§ Dataset records
□ □ □ □ □ □ □
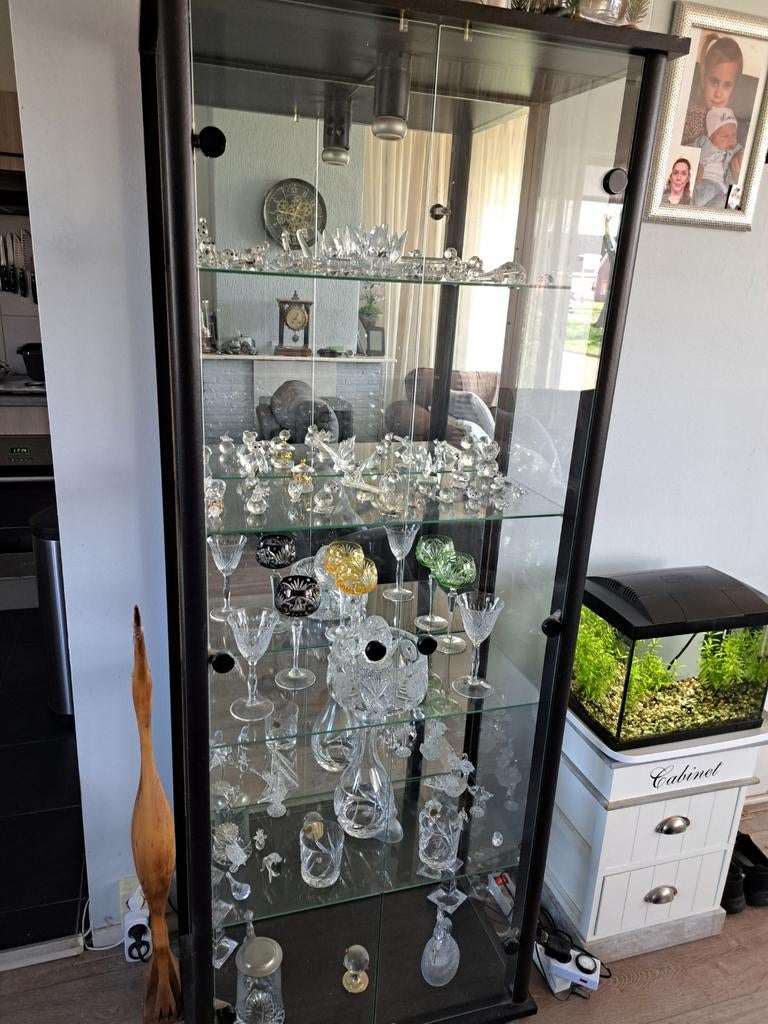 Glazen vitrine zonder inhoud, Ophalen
□ □ □ □ □ □ □
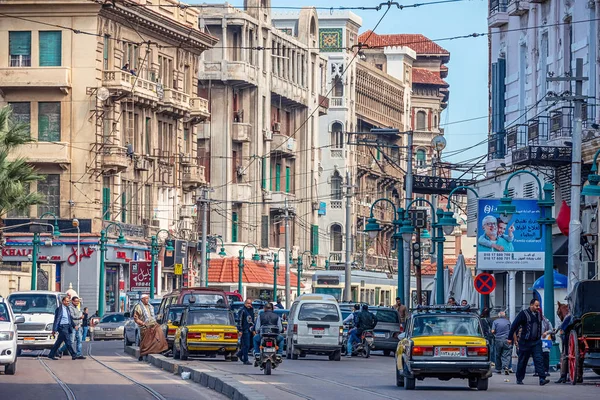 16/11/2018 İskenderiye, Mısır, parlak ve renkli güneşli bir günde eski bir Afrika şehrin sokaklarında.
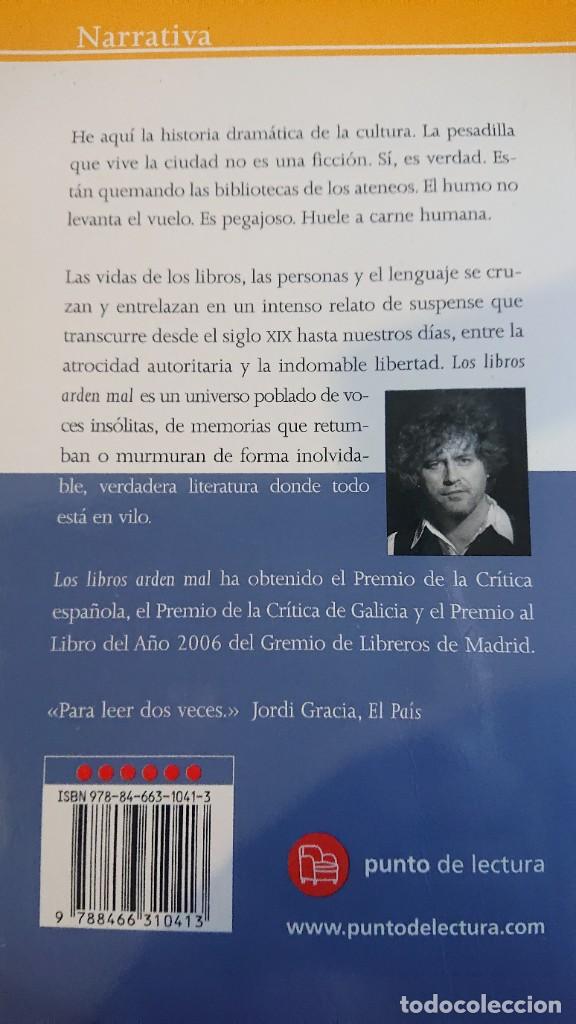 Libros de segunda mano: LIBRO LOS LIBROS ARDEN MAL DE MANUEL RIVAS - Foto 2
□ □ □ □ □ □ □
§ Task
Quote the lines above exactly, starting with the one that has "16/11/2018 İskenderiye, Mısır, parlak" and ending with the one that has "Libros de segunda"; drop the pictures and include nothing else.

§ Completed exercise
 16/11/2018 İskenderiye, Mısır, parlak ve renkli güneşli bir günde eski bir Afrika şehrin sokaklarında.
 Libros de segunda mano: LIBRO LOS LIBROS ARDEN MAL DE MANUEL RIVAS - Foto 2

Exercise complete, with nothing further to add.